第9話 男女二人が夜の密室で
隣の小部屋から椅子を持ってきて、机の前に南と二人並んでいる。
勉強を見るという名目上、教える側は教科書やノートを覗き込まなければならないので、自然と身体を寄せ合う形になっていた。
柔らかくて、いい匂い。ほのかに感じる体温が余計に
「えくすぷろーじょん?」
「違う。それは爆裂魔法。エクスプレッションって読んで、表現って意味だ。まだ一二個目だぞ。少なくともあと四〇単語は覚えないとヤバいって」
まあそんな邪念が気にならないくらい、南の勉強会は困難を極めていた。
「むーずーかーしーいー! 難しい!」
「それでもやんなきゃ落第だろ⁉」
「それはいやぁ~!」
「じゃあ頑張れよ!」
「それもいやぁ~!」
ママがイヤイヤ期に入るという前代未聞の事象を前に、一人頭を悩ませる。
時刻はとうに日付を超え、もうすぐ三時を迎える頃。
南の集中力は限界に達していた。
「じゃあ残り八個を覚えたら休憩にして、甘いものでも食べよう!」
「甘いものって?」
「チョコとかスイーツとか?」
「家のお金で?」
「む……俺のお小遣いから……」
「よし! なんだかやる気出てきたぞ~!」
細かなところでしっかりしているというか、そのくせやってることは落第をかけた追試の勉強だし。

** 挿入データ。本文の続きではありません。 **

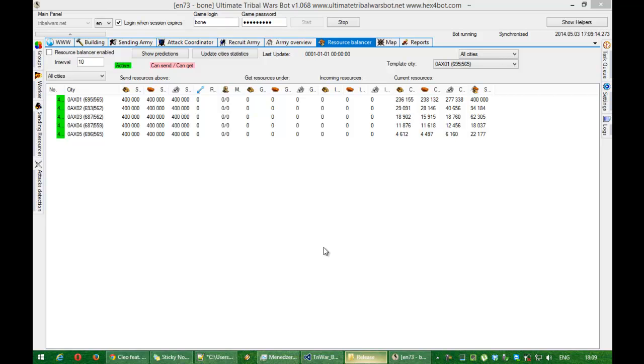Hello. In this video I will show you how to use resource balancer. It's a new feature in Ultimate Tribal Wars bot since version 1.068.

ともかくやる気になってくれたので、餌を使って英単語を覚えさせること三〇分。
俺のポケットマネーから四桁の額がコンビニスイーツに成り代わる。
「美味し~!」
ぱくぱくと頬張っては嬉しそうに声をあげる南の姿を、微笑ましく思いながら眺めていた。
「たっくんにもあげる! はい、あ~ん」
「ちょ! えっ⁉ ぐふぉ!」
プリンを乗せたスプーンが俺の口に突っ込まれる。
このスプーンはさっきまで南が口に入れていた。
つまりこれは間接キス。
俺の〝はじめて〟はいとも簡単に奪われるのである。
「美味しーでしょ?」
ニヤケ顔をこちらに向ける南は、ソレを気にする素振りが一切ない。
そしてまた当たり前のように、俺の口に入れたスプーンでプリンをパクり。
「やっぱプリンって神。作った人マジで尊敬する」
「本当に気にしないんだな……」
「ん? なんのこと?」
「いや、なんでもないっす」
ギャルとか陽キャとか、そういう上位種の人間たちはきっと、間接キスごときじゃ興奮しないのだろう。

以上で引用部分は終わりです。